Rise in Steel Imports & Dumping Risks
- Imposition of tariffs by USA is diverting the global steel trade, lead to increase in steel imports into India, may cause price drops and losses for Indian steel producers.
- Asian producers (China, Japan, South Korea) may dump excess steel in India, hurting local manufacturers.
- Chinese steel imports surged 80% in 2024, causing price pressure for Indian steelmakers.
Impact on Global Trade & Inflation
- Currency depreciation concerns: A weaker rupee increases imported inflation risks.
- Global trade tensions: Nations like South Korea are worried about how U.S. tariffs on steel & aluminium will affect their industries.
- Potential for reciprocal tariffs: Trump hinted at imposing new import duties on products from countries that levy higher tariffs on U.S. goods.

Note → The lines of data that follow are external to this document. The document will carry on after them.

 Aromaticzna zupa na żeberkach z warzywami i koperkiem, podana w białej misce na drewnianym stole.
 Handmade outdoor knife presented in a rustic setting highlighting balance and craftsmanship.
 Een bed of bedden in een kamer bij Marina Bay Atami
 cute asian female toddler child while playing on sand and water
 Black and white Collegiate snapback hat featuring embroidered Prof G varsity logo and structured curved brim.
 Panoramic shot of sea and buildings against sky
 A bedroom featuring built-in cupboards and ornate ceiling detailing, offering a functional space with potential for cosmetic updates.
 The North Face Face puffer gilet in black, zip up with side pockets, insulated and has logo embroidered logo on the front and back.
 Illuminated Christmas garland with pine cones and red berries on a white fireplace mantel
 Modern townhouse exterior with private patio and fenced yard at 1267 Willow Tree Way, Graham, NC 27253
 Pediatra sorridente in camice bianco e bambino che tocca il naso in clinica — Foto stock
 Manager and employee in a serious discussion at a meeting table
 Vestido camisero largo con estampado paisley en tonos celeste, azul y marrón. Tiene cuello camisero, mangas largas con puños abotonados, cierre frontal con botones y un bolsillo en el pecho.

India’s Response and Trade Concessions
- India is considering further reducing import duties on farm products to pacify Trump’s tariff stance.
- India already reduced duties on pecan nuts from 100% to 30% in early 2023.
- During the visit, India will also lobby for restoring India’s preferential trade status under the Generalized System of Preferences (GSP), which was revoked in 2019.
- Indian officials stress that duties on U.S. industrial goods exports to India are already low or zero in many cases.
Safeguard Measures – Aim to provide a level-playing field for domestic players in case of a sudden surge in imports.
Various Safeguard Measures available under WTO:
- Anti-Dumping Duty: Imposed when a foreign company exports a product at a price lower than its home market value, to protect local industries from unfair competition.
- Countervailing Duty: Imposed to counteract subsidies given by foreign governments to their exporters, which distort trade.
- Quotas: Limits the quantity of a particular product that can be imported during a set period.
- Tariffs: Taxes on imported goods to protect domestic industries or raise revenue.
Overview of GSP (Generalized System of Preferences)
The Generalized System of Preferences (GSP) is a U.S. trade program established on January 1, 1976, under the Trade Act of 1974. It grants preferential tariff treatment to exports from developing countries to promote economic growth.
Key Features:
- Duty-Free & Reduced Tariffs – Eligible products from beneficiary countries enjoy lower or zero tariffs in developed markets.
- Non-Reciprocal Basis – Traditionally offered without requiring trade concessions from beneficiary countries.
- Market Access & Concerns – The U.S. has linked GSP to market access and tariff reductions, altering its non-reciprocal nature.
Objectives of GSP:
- Supports economic development by increasing exports from developing nations.
- Helps in trade diversification and sustainable growth.
Benefits of GSP for India:
- Reduced import duties make Indian products more competitive in the U.S. market.
- Helps Indian exporters gain a stronger foothold in the U.S.
- Enhances profit margins by lowering costs.